1.1 Directory Structure

The system is divided into components operating cooperatively as HTTP-based microservices.

zroact-stage2/
├── pipeline/
│   └── main.py                  # Legacy sequential processing pipeline
├── pipeline_ver2/
│   ├── main.py                  # Common utilities (frame extraction, timing logging, etc.)
│   └── realtime_pipeline.py     # Current version (asyncio + aiohttp-based)
└── serving/
    ├── app.py                   # FastAPI job acceptance API
    ├── config.json              # Port and path configuration
    ├── run_job.py               # Single job execution engine
    └── workers/
        ├── stage1_server.py     # YOWOv3 ONNX HTTP daemon (Port 8001)
        ├── stage2_server.py     # Qwen3.5 VLM HTTP daemon (Port 8002)
        └── scheduler.py         # Real-time scheduler (unimplemented stub)

1.2 Hardware Profile and Resource Status

The hardware specifications and resource utilization in the verification environment are as follows.

GPU: NVIDIA RTX A6000 (47.5 GB VRAM)

Stage 1 ONNX Memory Footprint: Approx. 1 GB VRAM

Stage 2 Qwen3.5-2B Memory Footprint: Approx. 5 GB VRAM

Available Free VRAM (Headroom): Approx. 15 to 16 GB

1.3 Performance Measurement Baseline

The baseline measurement values when using a 14-second video clip (419 frames in total) as input are as follows.

Phase / ComponentExecution TimeThroughput / Latency Metric
Stage 1 (41 clips)6.71 seconds163 ms per clip
Stage 2 (13 VLM requests)26.93 seconds2.07 seconds per request (serialized by semaphore=1)
Overall Streaming Loop27.91 secondsTotal wall-clock execution time

2. Detected System Bottlenecks

Bottleneck 1: Synchronous Stage 1 Batch Loop

In the current realtime_pipeline.py, Stage 1 batch processing is sequentially awaited within a loop.

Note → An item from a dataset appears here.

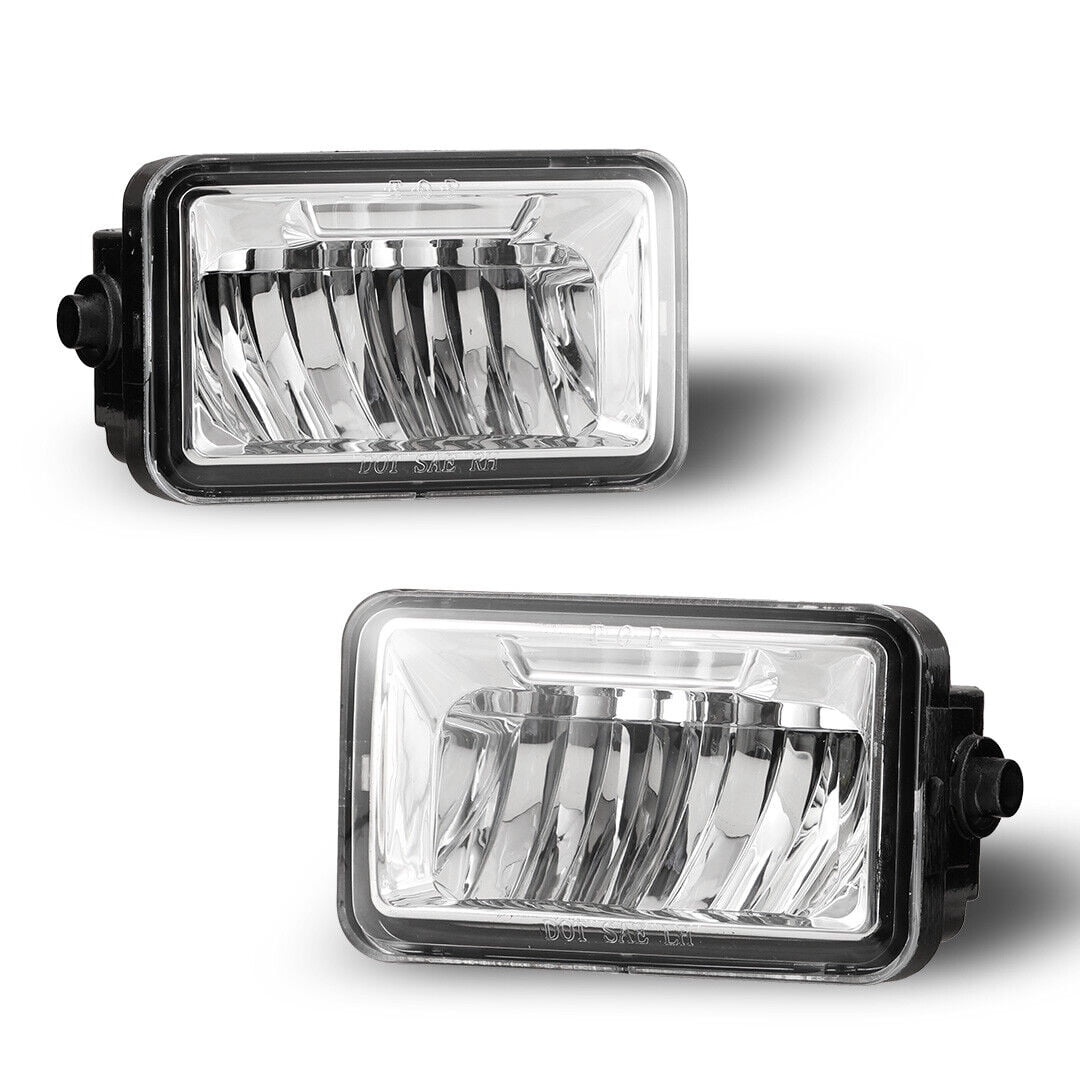 LED Fog Lights For 2015-2020 Ford F-150 w/o Fog Light Brackets Assembly Rectangle Lamps Clear Lens Pair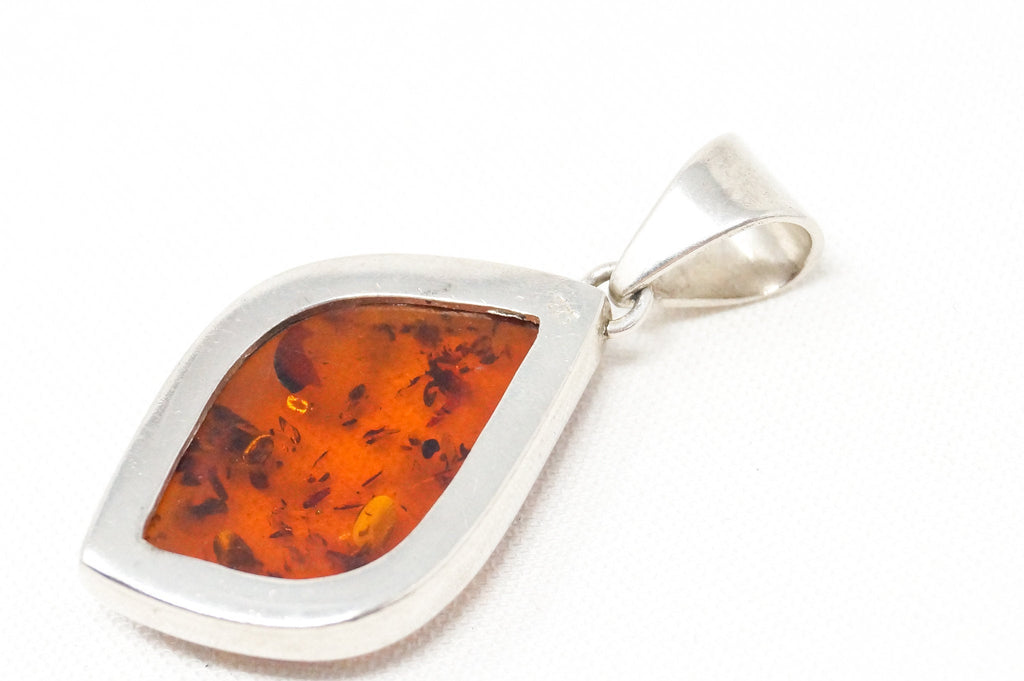 Vintage Amber Modernist Sterling Silver Necklace Pendant | Jewelry > Necklaces > Pendants | Wiccan Center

for kf_batch in keyframe_batches:
    # Execution is blocked until the previous batch completes
    resp_data = await detect_clip_batch(...)

In this design, when the batch size is small (e.g., 1), the GPU remains idle between ONNX Runtime inference calls, accumulating network round-trip time (RTT) latency.

Bottleneck 2: Serialization of Stage 2 VLM due to Semaphore Limits

Stage 2 VLM requests are restricted by a strict semaphore limit.

vlm_semaphore = asyncio.Semaphore(1)

As a result, the 13 VLM requests are processed entirely in series, reaching an accumulated latency of $13 \times 2.07\text{s} = 26.9\text{s}$. The abundant VRAM of the RTX A6000 (15 to 16 GB of free capacity) is not being utilized effectively.

Bottleneck 3: Latency in Inter-Stage Transition

Stage 2 tasks are registered to the event loop via asyncio.create_task as soon as the input slots are ready. However, because the single-threaded asyncio event loop is blocked waiting for the completion of Stage 1 HTTP requests, the actual execution start of the registered Stage 2 tasks is delayed.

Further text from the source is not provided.